* **Exercise goal**: For the data below, retype word for word the lines from the one containing "Fall In Love" through the one containing "아이우먼 위쉬몰 MA 플로럴컬러후리스원피스 T552H412 빅사이즈_이미지"; drop the pictures.

━━━ Data shown

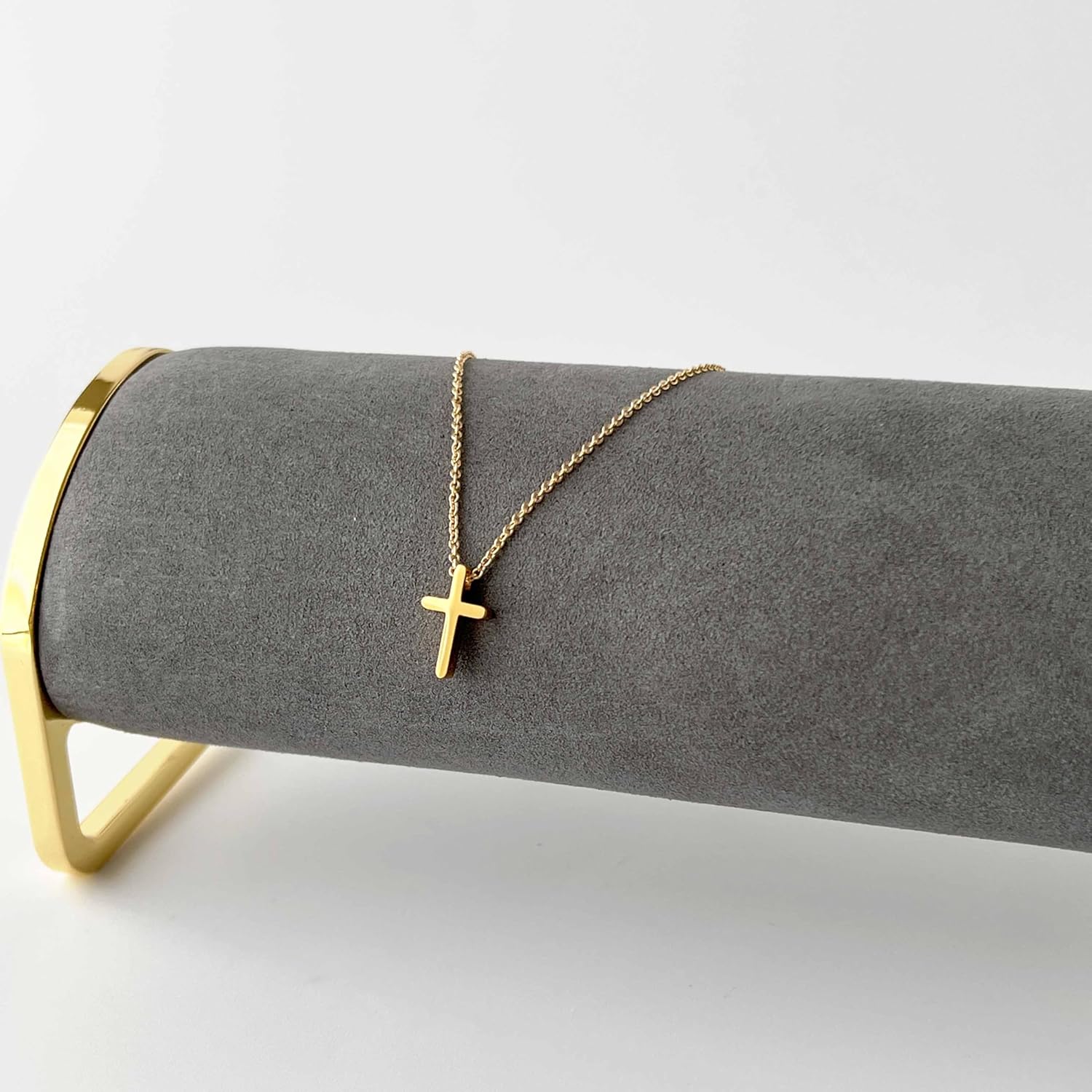 Gold Cross Necklaces for Women, 14k Gold Filled Dainty Cross Necklace, Religious Jewelry, Gift for Communion, Baptism, Layered Necklace, Austin Down to Earth - Image 5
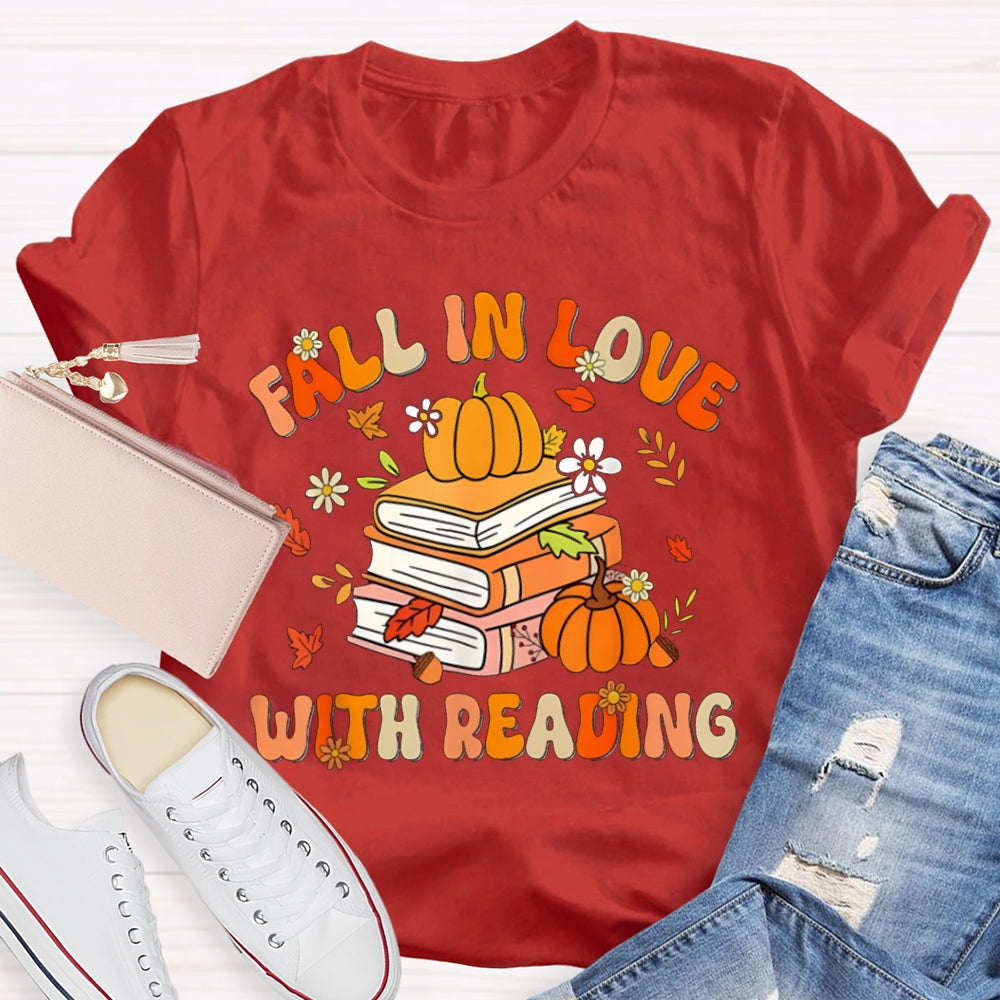 Fall In Love With Reading Maple Leaf And Pumpkin Books T-shirt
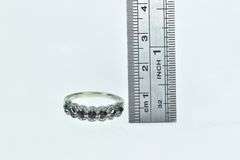 10K White Gold Princess Sapphire Diamond Wedding Band Ring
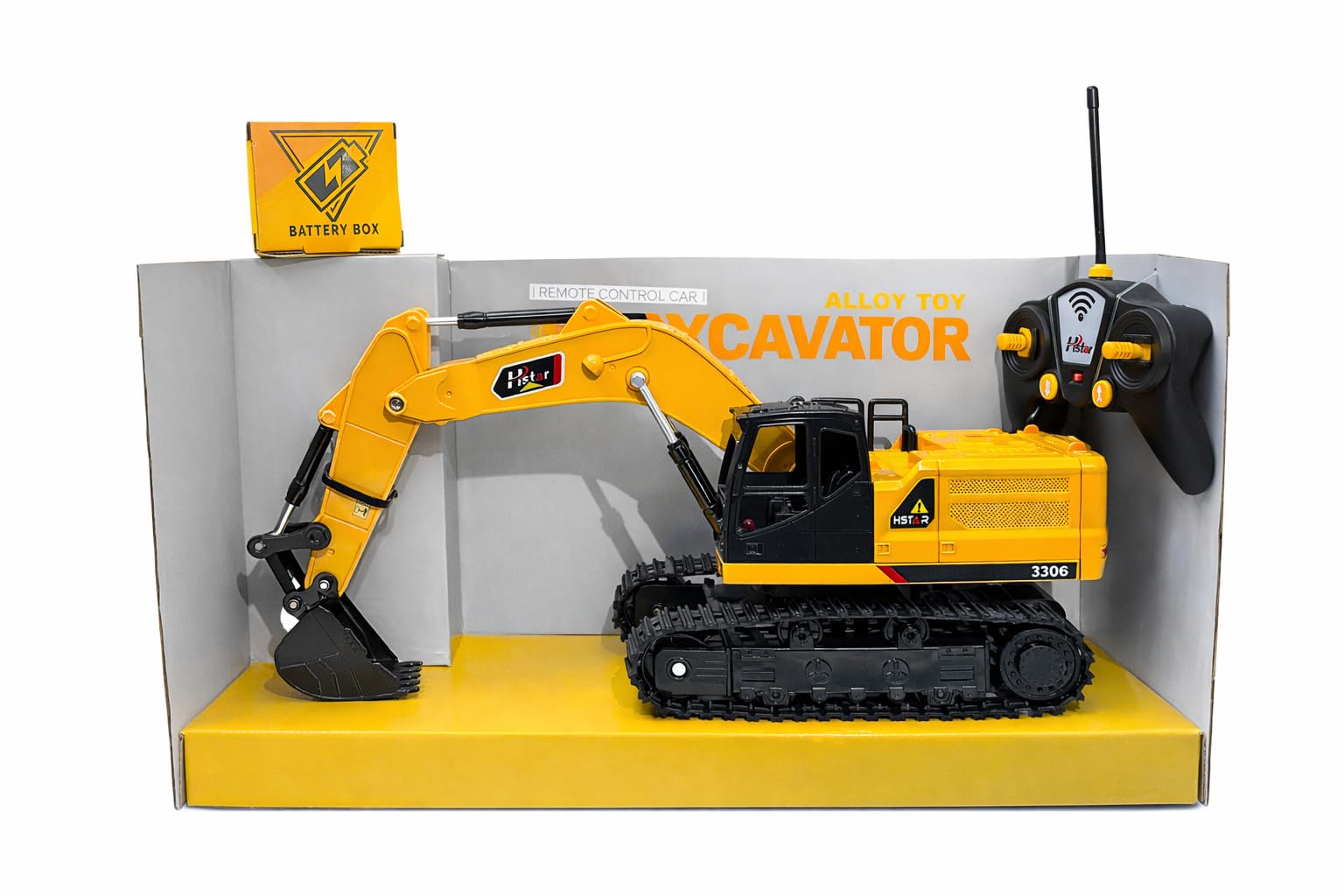 RC Excavator Toy, 6-Channel Remote Control Construction Vehicle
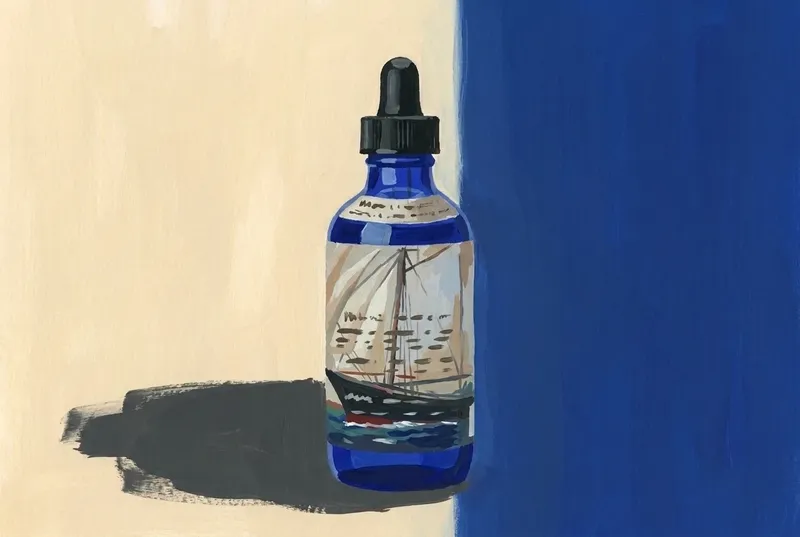 Painted illustration of a bottle of Ms. Better's Bitters Aromatic Bitters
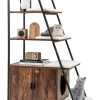 COSTWAY Katzen<Katzenschrank mit Leiterregal in Braun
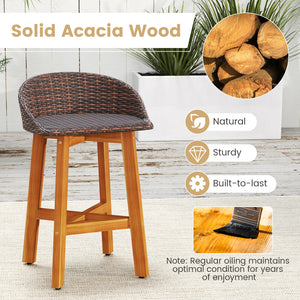 Outdoor Faux Rattan Bar Chairs Set of 2 with Ergonomic Backrests and Footrests-Brown view 9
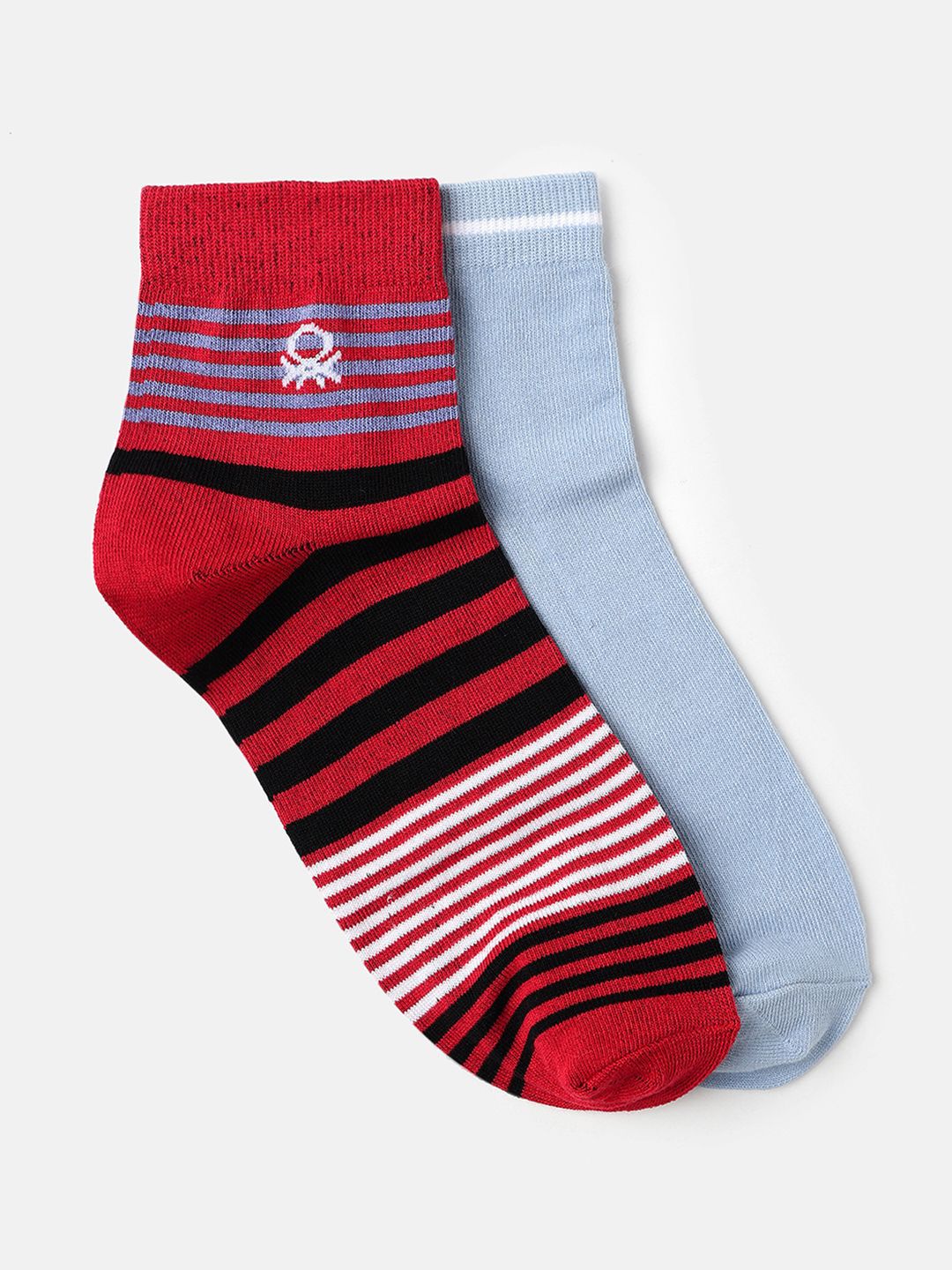 United Colors of Benetton Men Pack of 2 Solid And Stripes Socks-picture-41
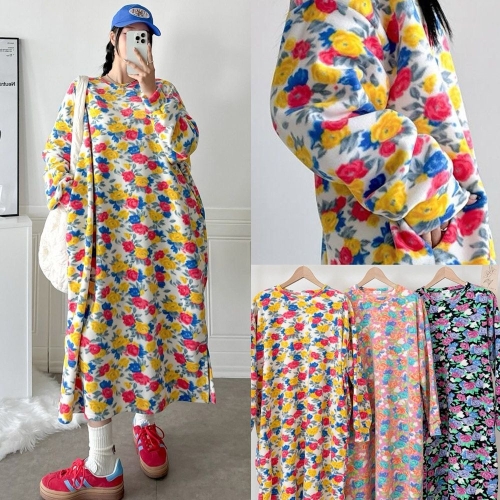 아이우먼 위쉬몰 MA 플로럴컬러후리스원피스 T552H412 빅사이즈_이미지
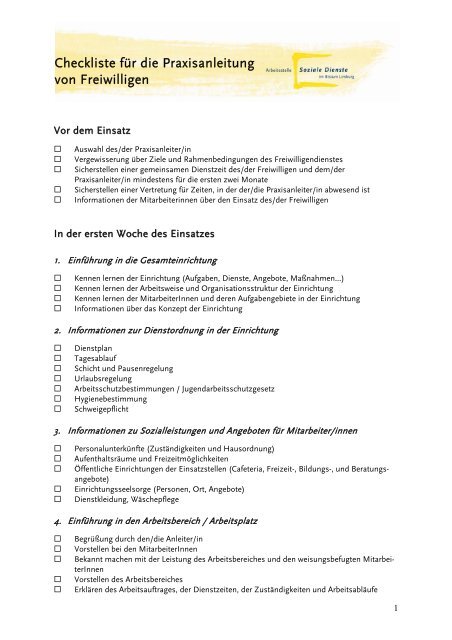 Checkliste für die Praxisanleitung von Freiwilligen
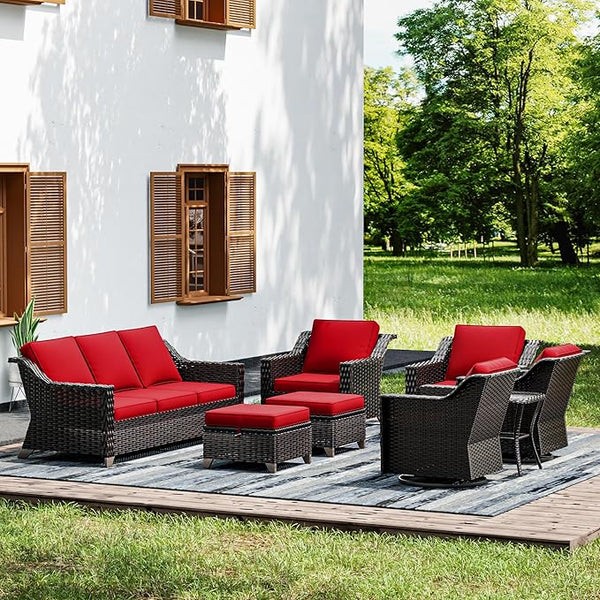 Joyside Wicker Patio Furniture Sets, 8 Pieces Upgraded Large Size Outdoor Furniture with Swivel Rocking Patio Chairs - Photo 1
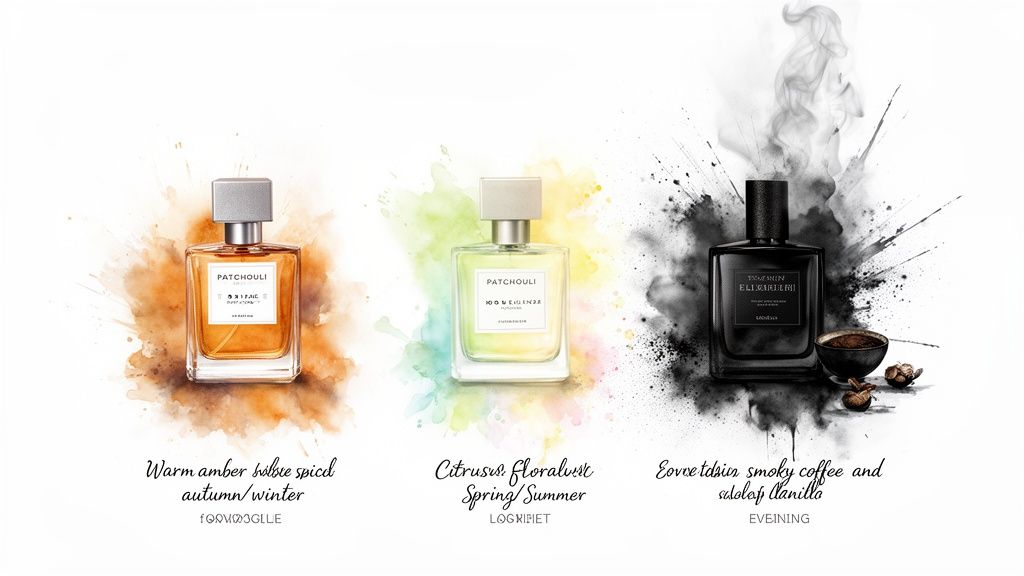 Drie parfumflessen met verschillende geuren: warme amber, citrus bloemig en rokerige koffie met vanille voor verschillende seizoenen.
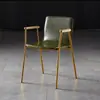 Cadeira de Jantar Minimalista com Encosto, Banqueta Moderna de Ferro Artístico Loft para Escritório, Cadeira de Café de Alto Padrão Estilo Industrial Retrô Nórdico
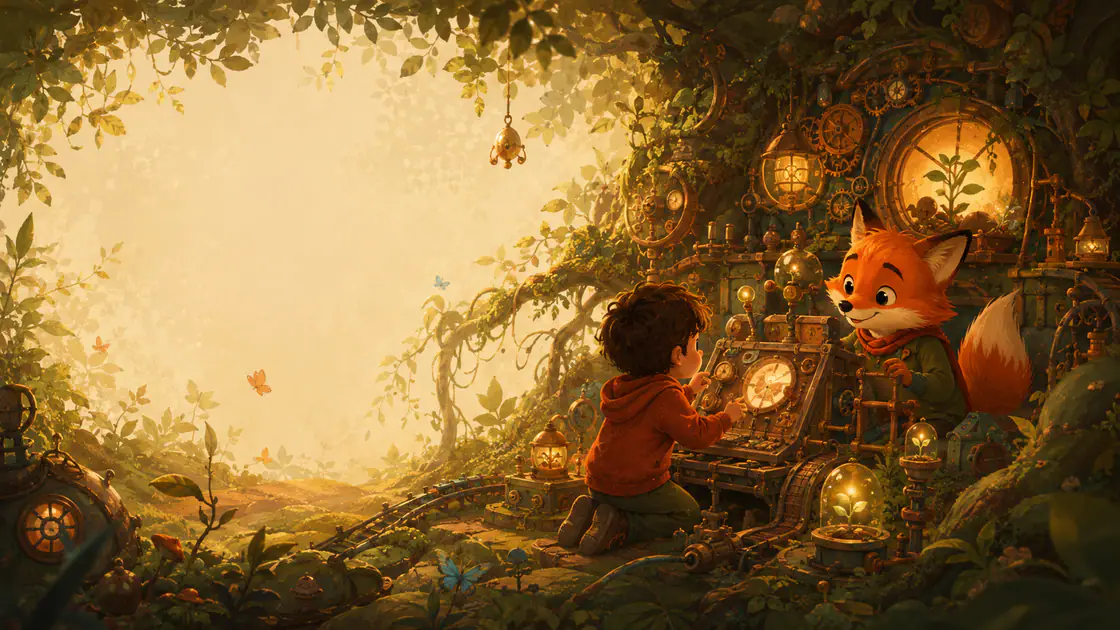 Meruni sharing a richly illustrated story in a hidden library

━━━━━━

* **Response area**:
 Fall In Love With Reading Maple Leaf And Pumpkin Books T-shirt
 10K White Gold Princess Sapphire Diamond Wedding Band Ring
 RC Excavator Toy, 6-Channel Remote Control Construction Vehicle
 Painted illustration of a bottle of Ms. Better's Bitters Aromatic Bitters
 COSTWAY Katzen<Katzenschrank mit Leiterregal in Braun
 Outdoor Faux Rattan Bar Chairs Set of 2 with Ergonomic Backrests and Footrests-Brown view 9
 United Colors of Benetton Men Pack of 2 Solid And Stripes Socks-picture-41
 아이우먼 위쉬몰 MA 플로럴컬러후리스원피스 T552H412 빅사이즈_이미지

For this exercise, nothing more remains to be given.